Gavin Collier, JD, is co-founder and principal of Dynamic Blending Specialists, a global cosmetics manufacturing company.
As sustainability becomes a rallying cry within personal, political and professional spheres, brands are taking different approaches. Some have revised their packaging in favor of recyclable options, some are donating money to offset their carbon footprint and others have started their own research to find new solutions. All of these actions are positive steps in the right direction, but they’re fragmented efforts. The impact could be significantly multiplied if they were focused at the source of product development.
Manufacturers Can Create Sustainable Change In Two Areas
Manufacturers have a lot to contribute to this aspect of the sustainability conversation. After all, these businesses operate large facilities and consume a massive amount of energy and resources. Beyond manufacturers’ active impact on the environment, these businesses also employ thousands of people and work with brands on developing new and better ways of creating things.

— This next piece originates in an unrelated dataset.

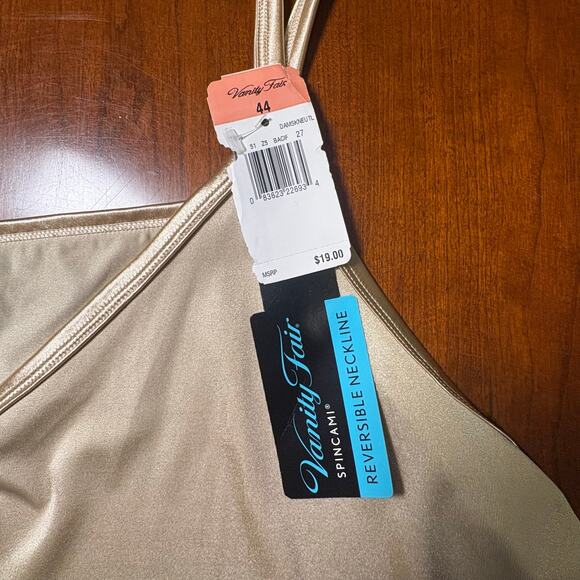 Vanity Fair NWT Reversible Neckline Tank Size 1X - Picture 2 of 5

Therefore, manufacturers have a clear role to play in a more sustainable future. Two ways businesses in this industry can make an impact is through their facilitt operations and employee education efforts.
Manufacturers’ facilities are the primary source of their environmental impact. Large factories can contribute to environmental pollution, energy consumption and wasted resources. In fact, according to the National Institute of Standards and Technology, 17% of American emissions come from the manufacturing industry. So, manufacturers could work to minimize their impact through cutting waste and utilizing clean energy.

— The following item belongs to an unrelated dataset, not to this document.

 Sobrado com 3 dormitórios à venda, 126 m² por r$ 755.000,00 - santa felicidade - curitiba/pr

There will always be waste when a large volume of raw materials go through the manufacturing process. But working to have the minimal amount possible is good for the environment and good for business. Most manufacturers track their scrap rate to maximize profits because lower rates help conserve important resources on a large scale.
The facilities themselves can also be turned into assets. Both factory spaces and warehouses have a huge footprint, so it can be dedicated to solar panels or rooftop gardens. The heavy machinery used to mass-produce things can be run on clean energy. Several manufacturing facilities across the United States are pledging to make the switch or have already started.
Because manufacturers are some of the largest employers in the economy, they can use their platforms to educate employeers and clients on ways to lead sustainable lives. There are several ways manufacturers can create a strong culture of sustainability in the workplace. For example, they could add electric car charging stations to their properties, provide time off for volunteering and support the surrounding community’s environmental health by planting trees or sponsoring clean-up efforts.
One of the strongest contributions manufacturers can make to true sustainability is educating their clients. Showing what’s possible in the sustainable realm is incredibly important. There’s a strong customer demand for recyclable products, less single-use plastic and responsibly sourced raw materials, and many consumers are waiting for technology to catch up with their desire to make better decisions for the planet. As a result, walking clients through the process of getting there should be a priority for manufacturers.
In some ways, manufacturers are the middlemen between brands and their customers. They help translate entrepreneurs’ ideas into prodcuts that their audience will love. To that end, manufacturers can, and should, be developing sustainable practices and technologies themselves. If they’re going to be the producers of all the world’s goods, they have a social and professional responsibility to safeguard the resources of our planet. This includes the raw materials used, the space manufacturers occupy and the health of the communities they serve. When it comes to the movement toward sustainability, as an industry, manufacturers can lead the charge.